Kay Link verhandelt den „Fall Oscar Wilde“ - Theater am Rhein 06/11

Eine Zigarette mit nachlässiger Eleganz in der abgeknickten Hand, blasiert über den Dingen stehend und immer einen geistreichen Aphorismus auf den Lippen – so glaubt man ihn zu kennen: Oscar Wilde, Dandy, Lebemann, erfolgreicher Dramatiker und prominentes Opfer der rigiden, schwulenfeindlichen Gesetzgebung im viktorianischen England. Kay Link untersucht im Freien Werkstatt Theater den „Fall Oscar Wilde“, unternimmt aber nicht einmal den Versuch, dieses Bild zu hinterfragen oder neu zu bestimmen. Im Gegenteil.

Schon das Casting scheint unter Typgesichtspunkten stattgefunden zu haben, so sehr gleichen die Schauspieler ihren historischen Vorbildern. Oscar (immer etwas selbstgefällig: Andreas Bittl) trägt natürlich eine rosafarbene Nelke im Knopfloch und farblich dazu passende Strümpfe. Sebastian Kolb als sein „honighaariger Junge“ Lord Alfred Douglas, genannt Bosie, ist ganz reizend anzuschauen. Und Marius Bechen in einer Doppelrolle zeigt britische Gentlemen vom Schlage Hugh Grants.

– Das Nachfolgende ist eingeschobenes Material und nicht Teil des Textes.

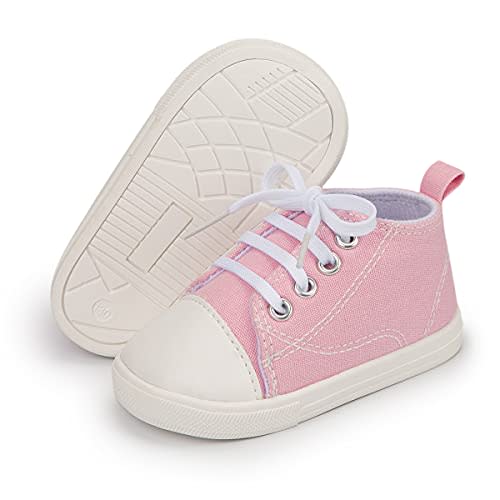 CENCIRILY Baby Boys Girls High Top Sneakers Soft Soles Anti Skid Infant Ankle Shoes Toddler Prewalker First Walking Crib Shoes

Im Mittelpunkt des Stücks, das Link gemeinsam mit Dramaturgin Inken Kautter geschrieben hat, stehen die Prozesse, die gegen Wilde wegen seiner Homosexualität angestrengt wurden. Das Autorenduo hat die – auf den echten Protokollen beruhenden – Gerichtsszenen geschickt mit Ausschnitten aus Wildes Stücken, Briefen und Prosatexten collagiert. Und natürlich: Aphorismen, so viel das Herz begehrt. Etwa: „Die Moral ist immer die letzte Zuflucht der Leute, welche die Schönheit nicht begreifen.“ So kreist das Stück achronologisch und in Wiederholungen um das Verhältnis von Liebe, Schönheit und Kunst, Leben und Werk. Herrlich schräge, klamaukige Einschübe – drei Jungs im Fummel spielen eine Szene aus „Bunbury“ nach – kommen dabei leider viel zu selten vor. „Der Fall Oscar Wilde“ soll beispielhaft stehen für die Homophobie einer bigotten Gesellschaft. Solch kritisches Bewusstsein ist löblich. Doch das Bemühen, die Perspektive zu öffnen, sei es durch Diaprojektionen etwa von Jeff-Koons-Bildern oder einer Szene mit Alan Turing, der noch in den 1950ern wegen homosexueller Beziehungen verurteilt wurde, bleibt viel zu zaghaft. Der Abend sei all denen empfohlen, die gerne elegante Raucher beobachten und Oscar-Wilde-Zitate mögen.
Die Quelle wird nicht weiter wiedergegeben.